Mulani, who has a post-graduate qualification in psychiatric social work, wished to study law and sought admission to the GJ Advani law college in Bandra last year. Mulani, however, is the breadwinner in her family and has two children to support. Unable to pay the course fees in time last year, she lost out on the admission though she was considered eligible for it.
However, the BCI on September 14, 2008 passed a resolution introducing an age limit for admissions to law courses. As per the new rule, no candidate above the age of 20 would be admitted to the five-year LLB course, which students opt for after Class XII. And nobody above 30 years of age will be allowed to join the post-graduate three-year LLB course.
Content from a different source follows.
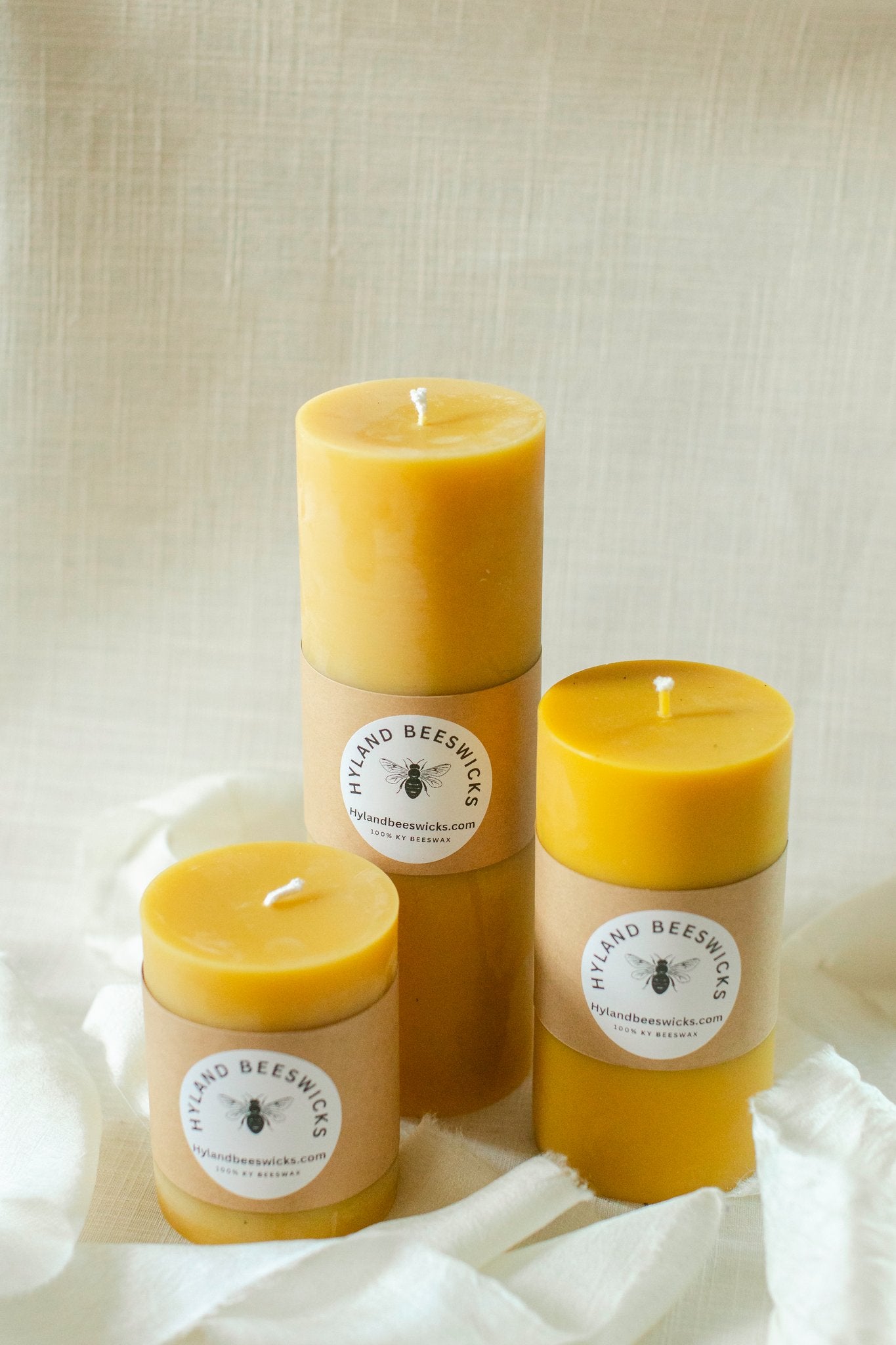 3x9 Beeswax Pillar Candle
Mulani’s hopes of studying law this year were thwarted by the BCI resolution as she had exceeded the age limit. In her petition, Mulani states the age bar deprives her and others like her of their fundamental right, and scuttles their intellectual and educational growth.
Mulani’s advocate Mahesh Vaswani said, “The BCI does not have the power to decide the law college syllabus or the age for admission. This power is vested only with the university. The BCI can only decide the code of conduct for practicing advocates.”
Calling the decision to impose the age bar “ridiculous, vague, arbitrary, senseless, and absolutely unjust besides being unconstitutional,” Mulani has urged the court to quash the BCI resolution of September 2008. Vaswani said he will mention the case before court on Monday and seek a date for hearing the following week.